Don’t Please Your Boss, Please The BOSS

If you are employed and struggling to please your boss, and wish you could be the next  hero at your workplace; yet whatever corrective step you take seems to be another ample blunder. You have also tried several techniques to win the heart of your boss and yet it is not working. May be you are missing a great deal of knowledge.

Every morning billions of people around the world leave their homes all in the name of work, struggling for sustenance and doing the conventional. Many work hard every day to make good income but yet not knowing who they sweat for. As a result, they build faulty premise around their work, convolute work ethics and make their work terrifyingly unproductive and un-conducive. This is the answer for most workplace disputes.

Grant Thorpe made a grand contribution to this topic in his article, A Christian View of Work and Vocation. Grant acknowledges that all relationships derive from God and hold together only in Christ (See Acts 17:26-28, Col. 1:15-20). And work relationships are the same. Slaves were to obey their earthly masters, not as men-pleasers, but fearing the Lord, and serving the Lord Christ. Masters were to treat slaves justly and fairly knowing that they had a Master in heaven (Col. 3:22-4:1 Also Eph. 6:5-9). The same should define work relationship between an employer and an employee.

Whom do we work for? Christians betray their true attitude to God as much by how they work as by how they worship. If a Christian in fact works for God, to please God, knowing they will be rewarded by God, it is clear that his approach to work will be drastically precious. In the same way, other relationships will follow the same order. A wife is to live as is fitting in the Lord and children to live so as to please the Lord (cf. Col. 3:18, 20). It all makes sense.

If a person can quickly reject this understanding of working for God, as unreal or idealistic, it would be good for them to ask if their relationship to God was real-or only idealistic.

Parables such as the vineyard and its tenants (Matt. 21:33-44) and the talents (Matt. 25:14-30), teach that God holds man responsible for every work entrusted to him. This includes the whole deeds of man, and not exclusively what may be called religious duties. Come to think of it, even the fourth commandment (cf. Exo. 20:4) requires first, that in six days, man shall do all his work before keeping holy the Sabbath.

The Christian man therefore is answerable first to God in respect to proper management functions.

In all relationships, authority is delegated to those in leadership roles, and that these leadership roles are to be respected because they are delegated rather than because they deserve to be respected. The New Testament is not unmindful that this on occasions will lead to injustice and affirms that the offended party is to commit his case to God. There is no mention of rejecting the authority however. This entails that the means are now available whereby the power of employers can be checked, but in using these means, employees should remember also that they work to please God and that it has pleased God to make leadership essential to work relationships for proper management functions.
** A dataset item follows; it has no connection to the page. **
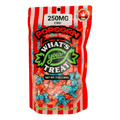 What's Your Treat - Cotton Candy 250mg CBD Popcorn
Besides, Proverbs 27:18 tells us that he who guards his master will be honoured. Mordecai did this with very significant results (Esther 2:22). This suggests that in a wider scope, employees should seek the well being of their employer. Judaean captives in Babylon were told to seek the welfare of the city to which they were taken hostage because from that would come their own welfare (Jer. 29:7). Daniel obviously maintained his place as statesman to pagan kings because he sought their welfare (Dan. 4:19). In each of these cases, the authorities were far from seeking the objectives of God (although they might), yet God’s objectives were fulfilled by men meeting their obligations to their immediate pagan employers, as far as was possible. This means that every work done, directly or indirectly, is accountable to God.

Those who have endless objections to their employers may in fact be reaping the reward of not seeking their employer’s welfare and probably expressing their rebellion towards God simply for not knowing whom they work for and thus bringing dishonored on themselves, contrary to the supposed promise of Proverbs 27:18.

Be careful! Love and learn from your boss and you shall lead someday.